My first RBMS has begun in splendid fashion. After a first evening of meeting many people at the opening reception (eating and drinking while filtering among rare book dealers) and the new members mixer (eating and drinking at a local bar), the pre conference got off true start today.
The highlight of the first plenary was Greg Gibson’s stories of the changing landscape of collecting influenced by the internet and auction houses. The questions afterward really helped focus and delve into the meat of the issues.
The first break-out session I attended, called Yes We Scan!, modeled three different responses to the issue of patron initiated scans, along the spectrum outlined in Scan & Deliver, the OCLC report on patron scanning. The Getty, University of Chicago, and San Diego State represented the outside, middle, and inside tracks. Each gave good presentations about their unique patron scanning needs and responses. None perhaps go quite so far as Houghton does in producing metadata and depositing the images for future use, but none perhaps have the resources and staff time to devote to it that Houghton does. One does wonder what would happen if we were to open up patron BookEye scanning in the reading room… perhaps some sort of chaos would ensue.

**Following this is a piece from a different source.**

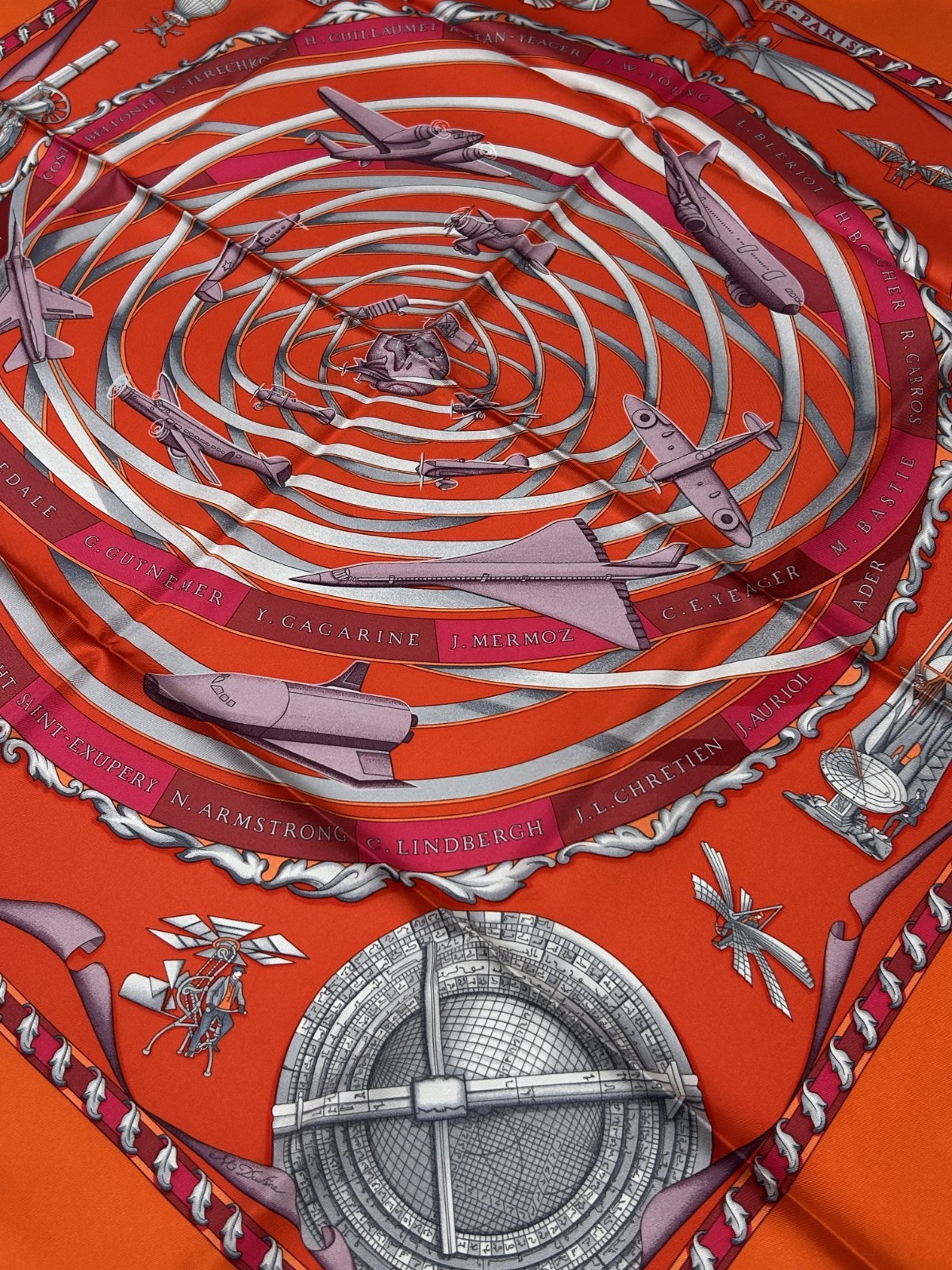 Hermes Scarf NEW Special Carre 'BREITLING x REVES D'ESPACE' RARE France Foulard thumbnail 8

The Case Study on Collecting in the 21st Century was an overpacked house in a room whose air-conditioning seems to have given out.
John Sherlock of UC Davis told of the unique issues that attempting to collect pamphlets and ephemera of the far right bring to a library, including financial staff balking at cutting a check to the Klu Klux Klan, and the Montana Militia refusing to trust the banks, and instead being content to trust the postal service and their money orders. It makes one wonder what other controversial or extremely anti-rational literature is not being collected by serious research libraries. Scientology? Harold Camping’s Rapture publications? (Adam When?) The list could go on, and as a colleague from Texas A&M asked, do we really want to support these organizations with our money?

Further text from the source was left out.